Eşitliğin ilk elçisi
Masonluk, üyelerine birbirlerini sevmeyi, hayatın her safhasında birbirlerine yardımcı ve destek olmayı, neşe ve zevklerinde olduğu gibi acı ve kederlerini de paylaşmayı, itibarlarını korumayı, itikat ve inanış bakımından birbirlerinin fikirlerine saygılı olmayı ve hatalarına müsamahalı olmayı öğretir.
Dinsel inanç ve kurallar insanlara kardeşliği öğretti, ama eşitliğin ilk elçisi Masonluk olmuştur. Manastırlarda eşitlik ve kardeşlik vardı, ama özgürlük yoktu. Masonluk bunu da ekledi ve insanlar için üçlü miras olan Hürriyet Eşitlik ve Kardeşliğe sahip çıktı.
Hürriyet insanın kendi üzerine olan egemenliğidir. Bu kişisel egemenlik haklarından birer parça verilerek kamu hakları oluşturulur. Kamu hakkı oluşurken, kişilerin kendi egemenliklerinden verdikleri pay herkes için aynı olmalıdır. Kişinin bu katılma payı eşitliktir. Kamu hakları herkesi korur, kişilere ışık tutar. Kişinin herkes tarafından korunması ise kardeşliktir.

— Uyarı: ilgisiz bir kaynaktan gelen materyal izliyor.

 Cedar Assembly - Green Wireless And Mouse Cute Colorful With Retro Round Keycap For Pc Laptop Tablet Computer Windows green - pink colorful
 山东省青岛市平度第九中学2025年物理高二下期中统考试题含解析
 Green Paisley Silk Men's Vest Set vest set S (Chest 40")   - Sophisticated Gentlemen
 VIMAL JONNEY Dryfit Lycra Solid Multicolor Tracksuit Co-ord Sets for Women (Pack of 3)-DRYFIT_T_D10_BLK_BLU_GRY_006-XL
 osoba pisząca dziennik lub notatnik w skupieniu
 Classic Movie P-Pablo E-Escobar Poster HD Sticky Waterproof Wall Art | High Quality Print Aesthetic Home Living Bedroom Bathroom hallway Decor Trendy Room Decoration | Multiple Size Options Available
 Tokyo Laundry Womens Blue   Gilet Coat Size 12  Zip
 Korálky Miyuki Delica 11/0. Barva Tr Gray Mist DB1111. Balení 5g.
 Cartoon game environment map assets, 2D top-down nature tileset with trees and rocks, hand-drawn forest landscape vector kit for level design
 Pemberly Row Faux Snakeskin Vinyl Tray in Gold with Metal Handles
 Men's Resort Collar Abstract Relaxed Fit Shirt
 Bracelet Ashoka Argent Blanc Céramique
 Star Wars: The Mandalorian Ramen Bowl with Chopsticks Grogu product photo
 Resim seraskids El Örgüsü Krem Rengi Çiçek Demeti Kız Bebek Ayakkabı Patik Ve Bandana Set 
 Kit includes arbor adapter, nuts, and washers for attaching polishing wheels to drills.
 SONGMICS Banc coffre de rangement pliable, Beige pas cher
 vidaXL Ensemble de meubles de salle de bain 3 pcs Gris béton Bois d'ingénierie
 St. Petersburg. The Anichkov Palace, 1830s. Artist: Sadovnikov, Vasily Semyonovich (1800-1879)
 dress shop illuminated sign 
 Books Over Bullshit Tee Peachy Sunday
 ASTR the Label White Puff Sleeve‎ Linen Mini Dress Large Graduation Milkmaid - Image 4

İnsanı en fazla ilgilendiren şey kendi hakları, çıkarları ve görevleri ile ilgili gerçeklerdir. Masonluk da üyelerine bunları öğretmeye çalışır. Aklın gelişmesiyle insan salt kendi haklarını iyi tanımakla kalmayıp, onlara daha çok değer verir, kendi değer ve onurunu daha iyi kavrar. Bu, değer ve onur, insanı özgürlüğünü savunmaya yöneltir. Ama, özgürlük cahil ve zalim olanlar için bir beladır.
Bilgi en yüce amaç
Bilgi, karşılıklı sevgi ve zekâ ile insanların düzeyini yükselterek en iyi öğretene olanaklar sağlayarak, Masonluğun elini uzatmak istediği en yüce amaçtır. Kibir, gurur, büyüklük taslama insanın zayıflıklarıdır. Zenginlik ve mevki çok kere bu zayıflıklara etken olur. Kendini akıllı sanarak büyüklük taslamanın doğru olmadığı Masonlukta özellikle öğretilir. Boş nazariyeler kurarak gururlanmak, bilgisizlikten de kötüdür. Bilgisizlikten, hatalardan ve kusurlardan kurtulma olanağı bulunmayan bir insanın alçak gönüllülüğü, bu zayıflıkların bir kefaretidir. Yani alçak gönüllülük ile zayıflıklar birbirlerini dengelerler.
Masonluk santimantal olmayıp pratiktir. Üyelerinden nefislerine hakim olmalarını ister. Güzel sözler söyledikleri halde fena işler yapmalarını kınar. İlerleme ve yenilikte faydalı olmayı, yüksek mevki ve makamları işgal etmekten daha şerefli sayar. İnsanların yüksek kararlarını ilgilendiren hususlarda sıradan halkın sözcüsüdür.
Hakiki Mason memleketinin şerefini kendi şerefiyle bir tutar. Yurdunun güzelliğini ve itibarını arttırmaya çalışır. İyilik, şefkat ve insanlık gibi yüksek duyguların yalnız kanunlar ve nizamlarla değil, ayni zamanda toplum tarafından da desteklenmesine çalışır. Zulme baskıya karşı savaşanlar memleketlerinin şerefi için çalışıyorlar demektir.
Memleketler her zaman savaş içinde olmazlar. Memleketi için savaşta ölmek şerefi de her vakit herkese her zaman gelmez. Ama barış halinde zulümle sefaletle, cehaletle, taassupla savaşmak için her Masonun imkânları vardır. Bu yönde başarılan büyük işlere iştirak edip şerefine ortak olmak da her zaman mümkündür.